RE: HTTP/OCP protocol binding



On Mon, 2 Jun 2003, Martin Stecher wrote:

First, I am not so sure about the "all" chunks. Do we really need
them? While having multiple options and being able to negotiate
things is great, especially for OCP core, I think that the
application protocol bindings should define a single way how to
vector the data to the callout server. If both OPES processor and
callout server agree on HTTP/OCP they have to understand at least
the basics of that protocol and so being able to differ between
headers and bodies. If actors in the OPES scenario cannot find a
matching protocol binding that both support, there could/should be a
File/OCP and Raw-TCP/OCP that may work out sometimes as fallback.


Good point. The reason to keep "all" chunks could be OPES processor
performance. In many cases, it may be more efficient for the processor
to send data as it received it (raw), even though it had parsed it
internally. Nevertheless, I agree that "all" chunks should be removed
from HTTP binding until we have a better HTTP-specific justification for
them.

On the other hand, I think we should define HTTP binding in such a way
that it would be possible to use data (OCP payload) encodings from other
bindings. It should be possible to negotiate data encoding after
negotiating HTTP binding (HTTP binding comes with a default encoding, of
course). This will make it simple to use "raw" and other useful
encodings for HTTP adaptations. We should try to make data encoding (and
other things) reusable across application bindings.

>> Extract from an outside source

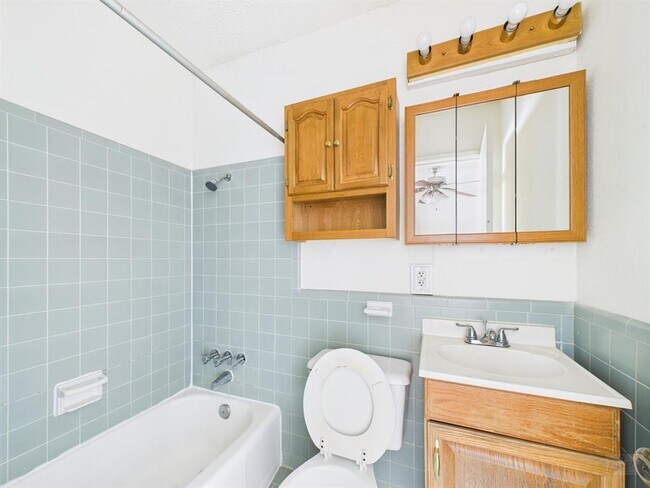 Building Photo - 803 W 28th St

Second, is it necessary that the application procotol chunks
encoding is another abstraction layer on top of the data-have
messages? Why do we not just introduce a named parameter
(Content-Type or Payload-Type) for data-have and use this core
message type to send the chunks? Chunk length is then without
additional cost and no extra encoding needs to be parsed.


It is possible to move the data type field to OCP. Doing so will limit
you to one chunk per OCP message, but that is probably not such a big
deal if we keep data-have messages efficient. It certainly simplifies
the protocol so we should try to do that, I guess.

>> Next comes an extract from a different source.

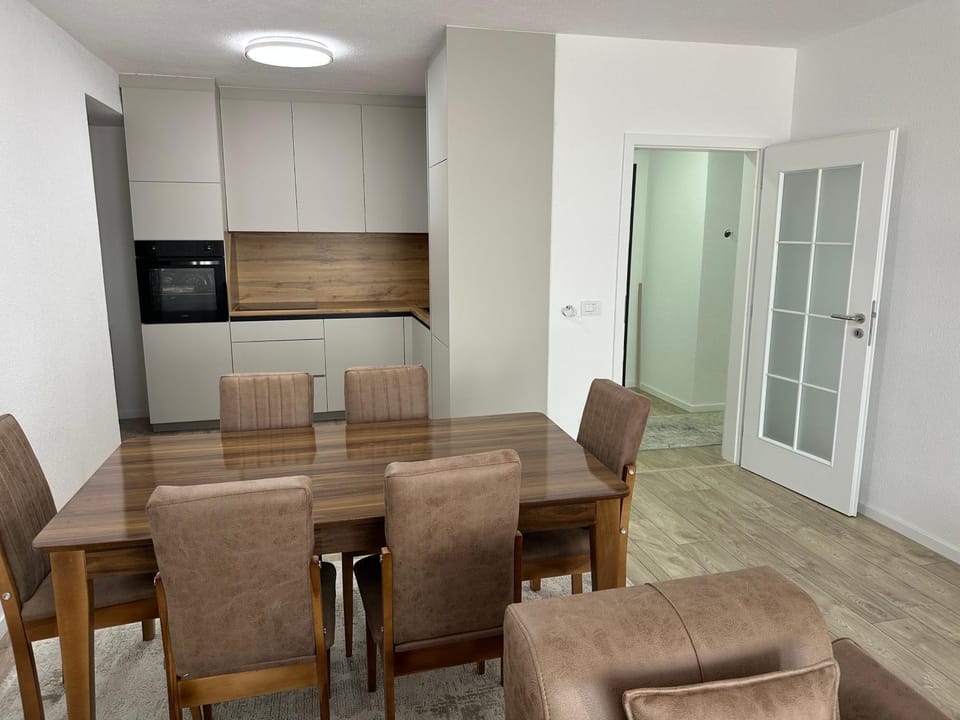 Apartment Titi me 3 dhoma gjumi dhe dy banjo Apartment in Europe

The protocol binding will then define which payload types exist,
whether there is a given order and whether multiple data-have
messages per payload type are allowed.


I suggest that we keep the App-Message-Part parameter HTTP-specific for
now. Not all application protocols will have different "parts" of
messages to be concerned about or will be able to describe those parts
with a simple parameter value.

It probably makes no sense to handle a 1xx as its own transaction.
It could be another response header but we will need to explain this
clearly in the draft otherwise we will get interop problems because
many implementations will probably oversee this point.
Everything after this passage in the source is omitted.